■ Work required ■
The answer should hold only the lines from the one that contains "Poster Maillot Numéro" through the last line of the material, repeated exactly, without pictures.

■ Data provided ■
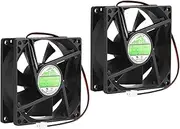 Security-01 2-Pack 80x80x25mm 12V DC 0.20A Ball Bearing Brushless Cooling Fan 2pin for Desktop, Laptop, Server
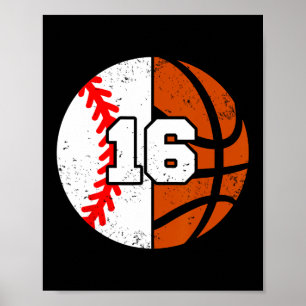 Poster Maillot Numéro 16 Sketll Drôle 16e Anniversaire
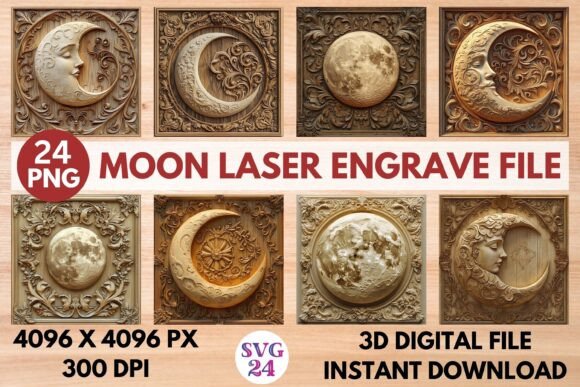 Stunning Moon Laser Engrave File for Creative Projects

■ Task response ■
 Poster Maillot Numéro 16 Sketll Drôle 16e Anniversaire
 Stunning Moon Laser Engrave File for Creative Projects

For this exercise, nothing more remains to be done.